Love this web site and all the valuable information. Keep posting!

We are picking up our new Outback 28RSS 2005 tomorrow from Clarkston, Wa.

Anxious to post our own pictures and mods and share with you.

We have 2 boys and a girl (15, 13 and 9) that probably will not go to sleep easily tonight as they are so anxious to sleep in those bunks and have their own room.

We also took delivery of our new tow vehicle today - a Dodge Ram 1500 SLT 4x4.

Way too much excitement for one weekend and yes a few stomach aches of our own at spending so much money.

We figure the kids will not be available or interested in camping with us as they get older so we are taking the plunge and investing in more fun family time.

We just sold our Coleman Mesa pop-up that we popped up for 5 years. We thoroughly enjoyed our years with the Coleman but feel like we outgrew it (sons 5'11" and 5'5").

We needed more kitchen and lounging space for our family of five and our newest addition Cindi Lou the 5 month old Golden Retriever.

Be back soon with our photos! action


----------



## rennerbee (Jul 25, 2004)

Camper Louise, Welcome! action

Glad that you have found the site useful and I am sure that you will continue to learn from it as I believe even the "Senior Members" still ask opinions as well as provide helpful advise.

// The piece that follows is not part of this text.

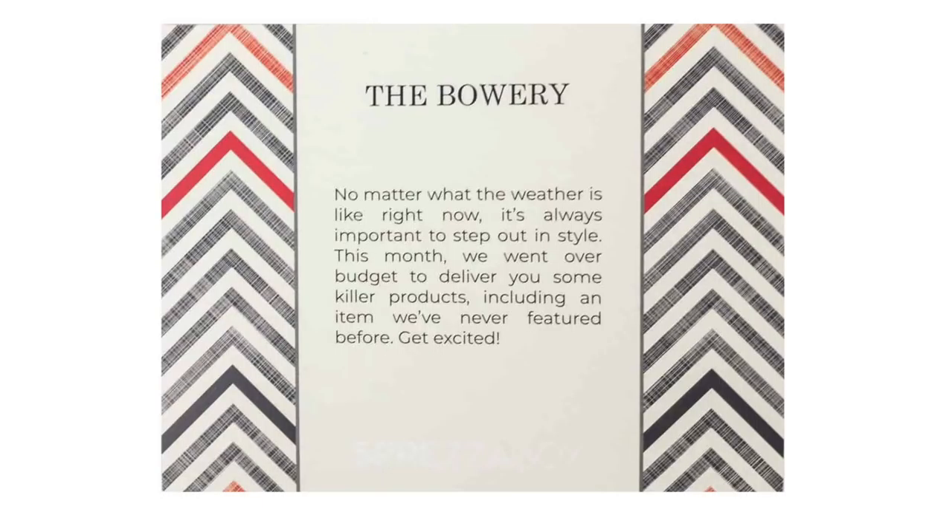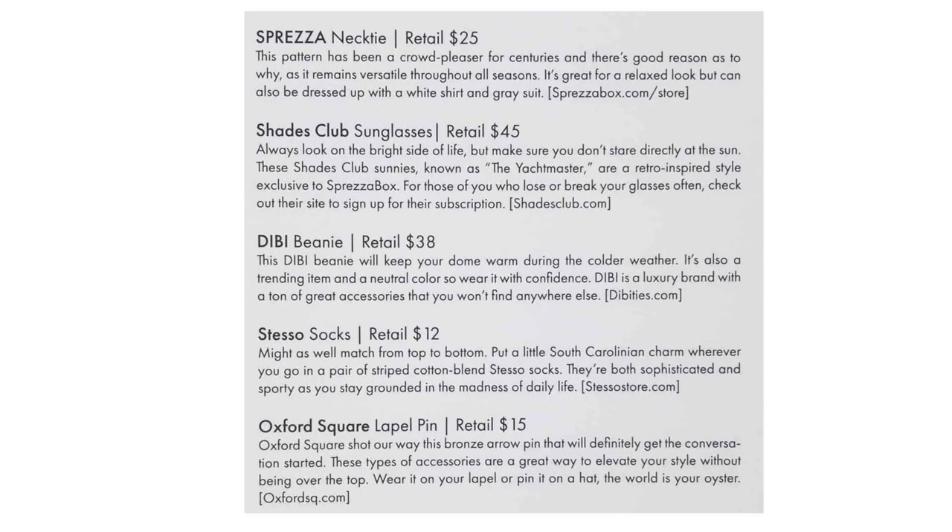This one is called 'The Bowery' — they always use New York names. No matter what the weather is, it's always important to step out in style. This month they went over budget to deliver some killer products, including an item they've never featured before. Here's the list of items and their prices: Espresso necktie, Shades Club sunglasses, Dibby beanie, Stesso socks, and Oxford Square lapel pin.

I am sure that you and your growing family will enjoy your rig for years to come! Congratulations and welcome to Outback Country!









~Brook


----------



## Thor (Apr 7, 2004)

Welcome

Another member to our Outback group









I have been a member since April and have found this site extremely helpful. The members are all great.









Thor


----------



## Y-Guy (Jan 30, 2004)

Welcome aboard, congrats on your camper. We have the same unit and really love it. What part of the NW are you from? If you're interested we're having a NW Outbackers rally Sept 17th. We live over in the Tri-Cities and have been camping with ours in OR, WA and ID this year, great camping summer and still going strong into the fall/


----------



## Navy Outbackers (Jun 30, 2004)

We have had our 28RSS for about 4 weeks - it is a great rig!! Big head turner...we pulled into the Pacific Beach Navy Resort in Pacific Beach, WA and it was the start of alot of conversations. We ordered ours in late may through a great dealer in Portland (closer to Aloha), Oregon and picked it up in late August. The dealers in Washington, Tacoma RV (not a very friendly bunch) and a dealer in Bellingham,WA had just terminated his contract with Keystone in handling the Outback line...so we had to make the trek to Oregon. No problem....enyoy and best wishes with your 28RSS!!


----------